Agencies are using, or at least planning to use, IoT devices, and this explosion of devices that consume or produce data will, not might, create a potentially disruptive explosion in bandwidth consumption, security concerns and monitoring and management requirements.
IPv6 eventually takes the stage…or sooner (as in now!)
Recently, ARIN was unable to fulfill a request for IPv4 addresses because the request was greater than the contiguous blocks available. IPv6 is a reality today. There is an inevitable and quickly approaching moment when switching over will no longer be an option, but a requirement.
SDN and NFV will become the mainstream
Software defined networking (SDN) and network function virtualization (NFV) are expected to become mainstream in the next five to seven years; okay, maybe a bit longer for our public sector friends. With SDN and virtualization creating new opportunities for hybrid infrastructure, a serious look at adoption of these technologies is becoming more and more important.
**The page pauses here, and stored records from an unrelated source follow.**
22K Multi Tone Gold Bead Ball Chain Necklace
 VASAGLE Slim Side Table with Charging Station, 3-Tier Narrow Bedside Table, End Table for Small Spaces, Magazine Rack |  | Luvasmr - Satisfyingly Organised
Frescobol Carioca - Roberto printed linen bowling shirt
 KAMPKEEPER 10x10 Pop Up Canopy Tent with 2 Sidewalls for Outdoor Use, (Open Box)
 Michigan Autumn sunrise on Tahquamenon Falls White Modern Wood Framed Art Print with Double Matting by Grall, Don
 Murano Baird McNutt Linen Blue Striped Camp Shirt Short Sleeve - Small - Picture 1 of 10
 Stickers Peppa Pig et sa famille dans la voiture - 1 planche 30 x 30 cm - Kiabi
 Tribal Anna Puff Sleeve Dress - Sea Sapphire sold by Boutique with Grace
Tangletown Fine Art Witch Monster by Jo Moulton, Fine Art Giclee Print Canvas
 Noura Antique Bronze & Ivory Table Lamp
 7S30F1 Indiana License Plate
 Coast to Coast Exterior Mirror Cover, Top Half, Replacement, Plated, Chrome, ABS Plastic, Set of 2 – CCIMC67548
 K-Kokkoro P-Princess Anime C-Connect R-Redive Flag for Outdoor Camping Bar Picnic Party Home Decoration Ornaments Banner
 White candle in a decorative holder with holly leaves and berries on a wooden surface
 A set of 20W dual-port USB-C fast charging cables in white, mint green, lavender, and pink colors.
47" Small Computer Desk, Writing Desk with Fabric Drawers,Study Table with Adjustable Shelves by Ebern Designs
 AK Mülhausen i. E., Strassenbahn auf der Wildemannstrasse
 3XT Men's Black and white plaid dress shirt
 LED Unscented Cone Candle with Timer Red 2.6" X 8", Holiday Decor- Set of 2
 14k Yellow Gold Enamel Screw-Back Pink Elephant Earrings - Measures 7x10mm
So long WAN Optimization, Hello ISPs
Bandwidth increases are outpacing CPU and custom hardware’s ability to perform deep inspection and optimization, and ISPs are helping to circumvent the cost and complexities associated with WAN accelerators. WAN optimization will only see the light of tomorrow in unique use cases where the rewards outweigh the risks.
Farewell L4 Firewalling
Firewalls incapable of performing deep packet analysis and understanding the nature of the traffic at the Layer 7 (L7), or the application layer, will not satisfy the level of granularity and flexibility that most network administrators should offer their users. On this front, change is clearly inevitable for us network professionals, whether it means added network complexity and adapting to new infrastructures or simply letting withering technologies go.
Preparing to Manage the Networks of Tomorrow
So, what can we do to prepare to monitor and manage the networks of tomorrow? Consider the following:
Understand the “who, what, why and where” of IoT, BYOD and BYOA
Connected devices cannot be ignored. According to 451 Research, mobile Internet of Things (IoT) and Machine-to-Machine (M2M) connections will increase to 908 million in just five years. This staggering statistic should prompt you to start creating a plan of action on how you will manage these devices.
Your strategy can either aim to manage these devices within the network or set an organizational policy to regulate traffic altogether. Curbing all of tomorrow’s BYOD/BYOA is nearly impossible. As such, you will have to understand your network device traffic in incremental metrics in order to optimize and secure them. Even more so, you will need to understand network segments that aren’t even in your direct control, like the tablets, phablets and Fitbits, to properly isolate issues.
Know the ins and outs of the new mainstream
As stated earlier, SDN, NFV and IPv6 will become the new mainstream. We can start preparing for these technologies’ future takeovers by taking a hybrid approach to our infrastructures today. This will put us ahead of the game.
Start comparison shopping now
Evaluating virtualized network options and other on-the-horizon technologies will help you nail down your agency’s particular requirements. Sometimes, knowing a vendor has or works with technology you don’t need right now but might later can and should influence your decisions.
Brick in, brick out
Taking on new technologies can feel overwhelming. Look for ways that potential new additions will not just enhance, but replace the old guard. If you don’t do this, then the new technology will indeed simply seem to increase workload and do little else. This is also a great measuring stick to identify new technologies whose time may not yet have truly come for your organization.
To conclude this series, my opening statement from part one merits repeating: learn from the past, live in the present and prepare for the future. The evolution of networking waits for no one. Don’t be left behind.